» **Exercise objective**
What is needed is a word-for-word transcript of the listing, free of pictures.

» **Supplied material**
_ _ _ _

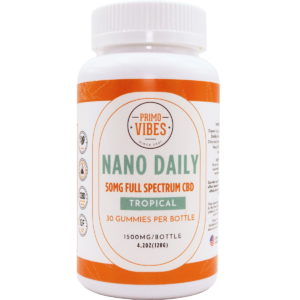 50mg Nano Daily CBD Gummies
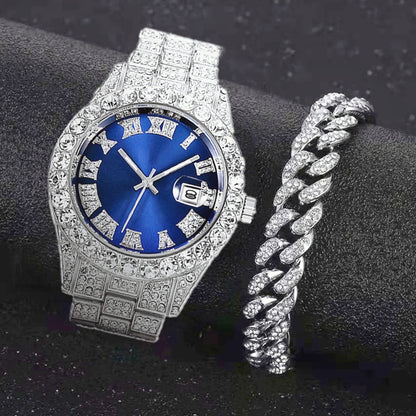 Iced Out Icylon Watch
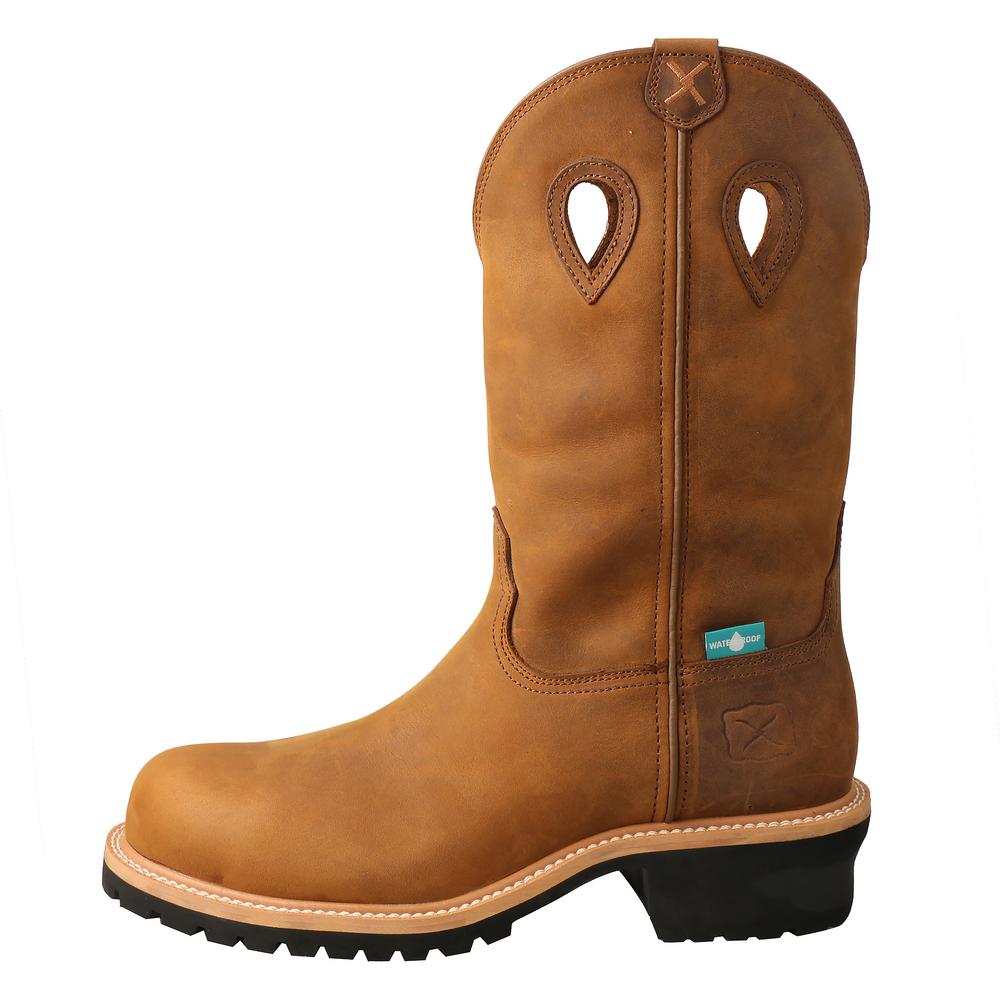 safety toe logger boots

_ _ _ _

» **Solution**
 50mg Nano Daily CBD Gummies
 Iced Out Icylon Watch
 safety toe logger boots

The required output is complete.